**About this task:**
Exactly as written, transcribe the data that follows.

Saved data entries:
-=-=-

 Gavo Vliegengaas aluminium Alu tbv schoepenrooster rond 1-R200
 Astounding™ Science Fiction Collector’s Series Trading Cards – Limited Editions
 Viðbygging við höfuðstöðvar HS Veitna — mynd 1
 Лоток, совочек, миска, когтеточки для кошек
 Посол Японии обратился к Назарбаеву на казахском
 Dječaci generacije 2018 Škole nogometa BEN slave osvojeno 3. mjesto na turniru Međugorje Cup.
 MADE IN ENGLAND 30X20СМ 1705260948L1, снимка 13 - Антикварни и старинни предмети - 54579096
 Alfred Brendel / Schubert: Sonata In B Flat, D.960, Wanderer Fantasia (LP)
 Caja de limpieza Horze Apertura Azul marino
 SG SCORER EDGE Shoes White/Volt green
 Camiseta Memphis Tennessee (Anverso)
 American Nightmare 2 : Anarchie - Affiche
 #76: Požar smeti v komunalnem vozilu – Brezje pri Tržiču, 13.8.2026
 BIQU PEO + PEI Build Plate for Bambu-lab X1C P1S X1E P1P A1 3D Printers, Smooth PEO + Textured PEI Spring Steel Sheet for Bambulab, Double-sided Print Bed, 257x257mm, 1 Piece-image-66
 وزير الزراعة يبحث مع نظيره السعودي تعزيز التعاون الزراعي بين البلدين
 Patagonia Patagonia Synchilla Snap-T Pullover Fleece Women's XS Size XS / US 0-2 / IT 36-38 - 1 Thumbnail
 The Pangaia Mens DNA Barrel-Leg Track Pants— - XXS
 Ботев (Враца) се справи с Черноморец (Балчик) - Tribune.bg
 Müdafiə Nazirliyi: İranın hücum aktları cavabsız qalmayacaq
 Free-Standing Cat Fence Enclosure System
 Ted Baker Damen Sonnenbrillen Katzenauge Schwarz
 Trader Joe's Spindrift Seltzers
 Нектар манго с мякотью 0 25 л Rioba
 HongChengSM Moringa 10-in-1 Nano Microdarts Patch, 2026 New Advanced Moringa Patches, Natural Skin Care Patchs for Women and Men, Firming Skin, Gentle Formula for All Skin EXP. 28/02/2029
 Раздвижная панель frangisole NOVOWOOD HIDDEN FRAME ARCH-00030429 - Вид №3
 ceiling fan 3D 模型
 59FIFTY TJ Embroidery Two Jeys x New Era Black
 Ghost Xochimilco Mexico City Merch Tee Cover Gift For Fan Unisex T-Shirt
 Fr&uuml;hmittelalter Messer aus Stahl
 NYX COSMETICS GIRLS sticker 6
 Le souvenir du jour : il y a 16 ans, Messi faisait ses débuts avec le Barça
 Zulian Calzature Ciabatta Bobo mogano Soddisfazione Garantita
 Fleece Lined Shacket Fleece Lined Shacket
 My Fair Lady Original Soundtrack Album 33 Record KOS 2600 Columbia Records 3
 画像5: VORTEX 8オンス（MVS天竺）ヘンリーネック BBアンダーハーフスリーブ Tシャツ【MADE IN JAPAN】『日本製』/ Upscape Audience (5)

-=-=-

**Expected answer:**
 Gavo Vliegengaas aluminium Alu tbv schoepenrooster rond 1-R200
 Astounding™ Science Fiction Collector’s Series Trading Cards – Limited Editions
 Viðbygging við höfuðstöðvar HS Veitna — mynd 1
 Лоток, совочек, миска, когтеточки для кошек
 Посол Японии обратился к Назарбаеву на казахском
 Dječaci generacije 2018 Škole nogometa BEN slave osvojeno 3. mjesto na turniru Međugorje Cup.
 MADE IN ENGLAND 30X20СМ 1705260948L1, снимка 13 - Антикварни и старинни предмети - 54579096
 Alfred Brendel / Schubert: Sonata In B Flat, D.960, Wanderer Fantasia (LP)
 Caja de limpieza Horze Apertura Azul marino
 SG SCORER EDGE Shoes White/Volt green
 Camiseta Memphis Tennessee (Anverso)
 American Nightmare 2 : Anarchie - Affiche
 #76: Požar smeti v komunalnem vozilu – Brezje pri Tržiču, 13.8.2026
 BIQU PEO + PEI Build Plate for Bambu-lab X1C P1S X1E P1P A1 3D Printers, Smooth PEO + Textured PEI Spring Steel Sheet for Bambulab, Double-sided Print Bed, 257x257mm, 1 Piece-image-66
 وزير الزراعة يبحث مع نظيره السعودي تعزيز التعاون الزراعي بين البلدين
 Patagonia Patagonia Synchilla Snap-T Pullover Fleece Women's XS Size XS / US 0-2 / IT 36-38 - 1 Thumbnail
 The Pangaia Mens DNA Barrel-Leg Track Pants— - XXS
 Ботев (Враца) се справи с Черноморец (Балчик) - Tribune.bg
 Müdafiə Nazirliyi: İranın hücum aktları cavabsız qalmayacaq
 Free-Standing Cat Fence Enclosure System
 Ted Baker Damen Sonnenbrillen Katzenauge Schwarz
 Trader Joe's Spindrift Seltzers
 Нектар манго с мякотью 0 25 л Rioba
 HongChengSM Moringa 10-in-1 Nano Microdarts Patch, 2026 New Advanced Moringa Patches, Natural Skin Care Patchs for Women and Men, Firming Skin, Gentle Formula for All Skin EXP. 28/02/2029
 Раздвижная панель frangisole NOVOWOOD HIDDEN FRAME ARCH-00030429 - Вид №3
 ceiling fan 3D 模型
 59FIFTY TJ Embroidery Two Jeys x New Era Black
 Ghost Xochimilco Mexico City Merch Tee Cover Gift For Fan Unisex T-Shirt
 Fr&uuml;hmittelalter Messer aus Stahl
 NYX COSMETICS GIRLS sticker 6
 Le souvenir du jour : il y a 16 ans, Messi faisait ses débuts avec le Barça
 Zulian Calzature Ciabatta Bobo mogano Soddisfazione Garantita
 Fleece Lined Shacket Fleece Lined Shacket
 My Fair Lady Original Soundtrack Album 33 Record KOS 2600 Columbia Records 3
 画像5: VORTEX 8オンス（MVS天竺）ヘンリーネック BBアンダーハーフスリーブ Tシャツ【MADE IN JAPAN】『日本製』/ Upscape Audience (5)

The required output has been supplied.